My favorite thing about Eliot Spencer is how invested he gets in whatever job/role he’s doing for the con. He has to play a caterer? He will give you a gourmet menu and poach some pears for dessert. He has to play a minor league baseball player? He will hit a home run and he will be excited when the local deli names a sandwich after him. He has to play a police officer? He will make Hardison respond to a call that’s nearby because there might be kids in that house. Eliot commits.
that’s so interesting because he is ALWAYS freaking out at how deeply Hardison commits to his characters.
I think there are key differences in how Eliot and Hardison over-invest in their roles, which is why Eliot fusses at Hardison about it without equating it to what he does himself. (Note: I’m focusing on original series only here.)
Eliot gets over-absorbed because he gets really into what his character does (chef, baseball player, etc.) and loses focus on what the con is trying to accomplish, which isn’t helpful but tends to add authenticity to his individual role. Eliot’s main risk is getting so immersed that he forgets it’s just a con and tries to be that persona rather than doing just enough to fool the mark. He may have some broad-strokes backstory in his head in case someone asks, but his main way to sell his character is just to play the role to the hilt in the current moment. (Prior to the team, he didn’t have a hacker or do long cons, so his main grifting option was to keep things simple, play the role, improv as needed, and hope no one asked too many questions before he finished the job. And be prepared to punch his way out if they did.)
Hardison doesn’t forget he’s playing a role. The part he overdoes is building an “interesting” (often meaning complicated) role and tending to over-act, which tends reduce the authenticity of his performance. The obvious example is “The Ice Man Job,” but it’s the same thing with the overall con in “The Gold Job”–he’s thought out every backstory detail and how to deliver it to the mark, but he lays on the perfectly constructed backstory too hard without reading when to dial back the complexity or exposition. (Prior to the team, it’s implied that he did most of his criminal activity on-line rather than in-person, so the exhaustive planning and documentation was his practical grifting approach.)
If you assign Eliot to be a chef, he’s gonna be a chef. He’ll get distracted from the con by the fact that they’re running out of onions and he just can’t get the flavor of this sauce quite right, but everyone around him will believe he’s a chef. If you ask him where he went to culinary school, he’ll glare at you and maybe throw out some sparse details (trusting Hardison to back it up if anyone tries to check it)–dig too far, and he’s probably gonna be relying on dodging questions or having Hardison in his ear feeding him backstory details.

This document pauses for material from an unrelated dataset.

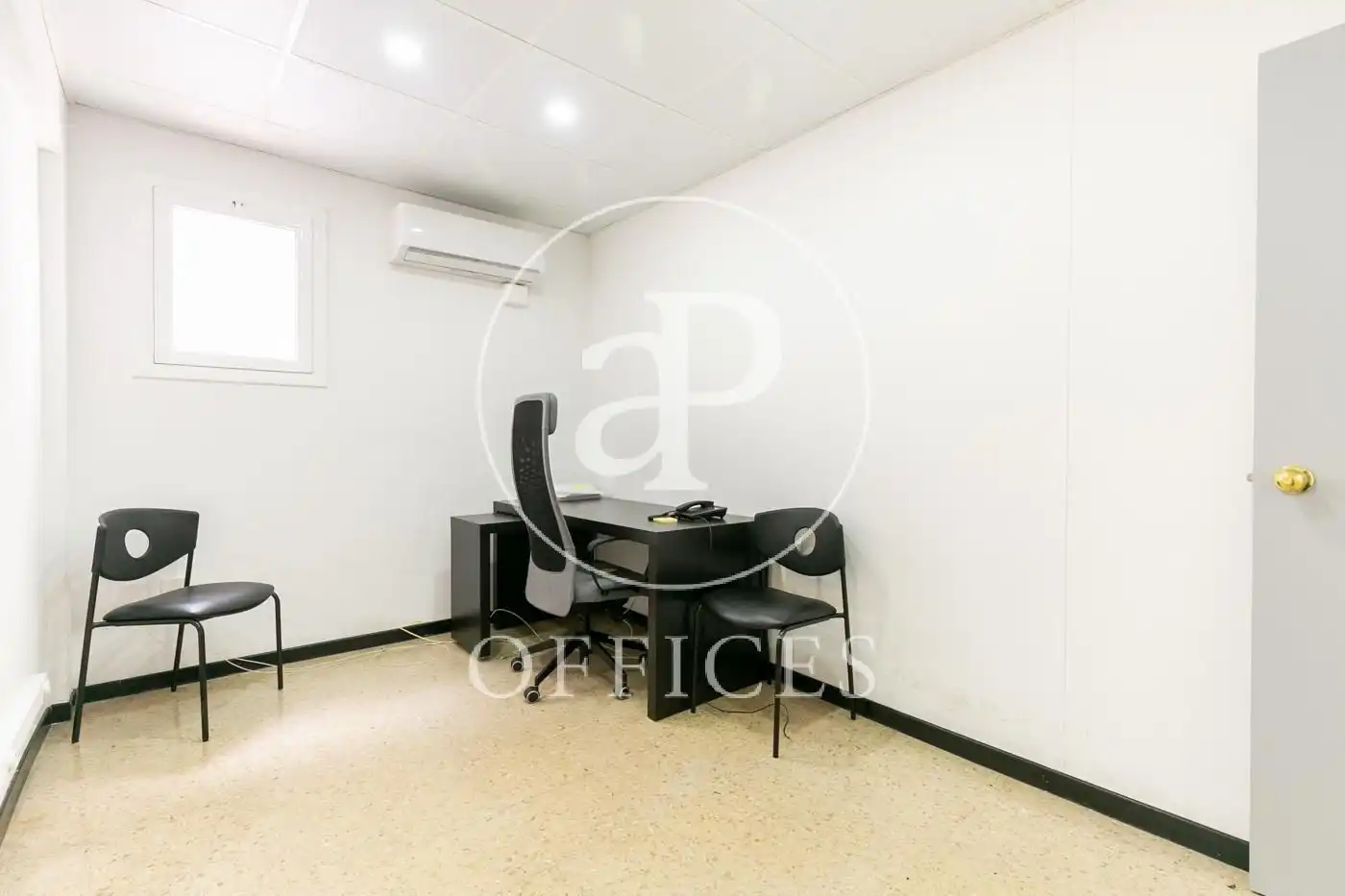 Büro zum Verkauf in Barcelona mit Klimaanlage und Heizung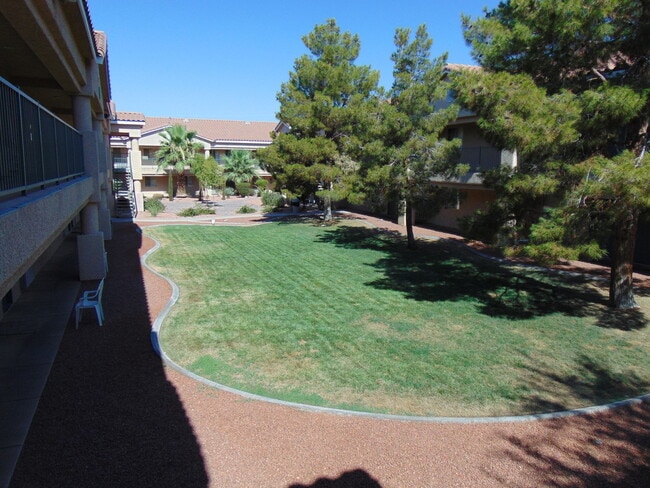 Building Photo - Lower Level Smokey Lane 1 bedroom, 1 bath ...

If you assign Hardison to be a chef, he’s going to have thought out and documented every detail of his backstory, researched his character’s favorite recipes so he can discuss them in detail, etc. You ask him something–anything–about his character and he’ll answer in such detail that your head will spin. But if you tell him the kitchen’s down to its last onion and ask what he wants you to do about that, he’ll be caught completely by surprise and flummoxed about what to do (unless Eliot is in his ear telling him who to send on a supply run to and what menu items to scratch in the meantime).
@onyxbird, I love this distinction, thank you!! What I’m hearing from your lovely meta is that Eliot gets so stressed about Hardison overcompensating. if you want to lie, stick as close to the truth as possible, don’t give out too many explanations, and act casual. BE casual. But Hardison has to constantly prove how smart he is, how prepared he is, how well he fits in–so he automatically stands out. Online you need receipts all the time, but in real life you can trust non verbal cues.
Can I point out?
- Hardison’s grifting in the style of a dedicated D&D player.
- Eliot is grifting in the style of a man with a past he’s ashamed over.
Oh no
The difference is Hardison is just making up characters. It’s fiction to him, here’s what a millionaire diamond smuggler would be like, here’s a fun adventure story to tell.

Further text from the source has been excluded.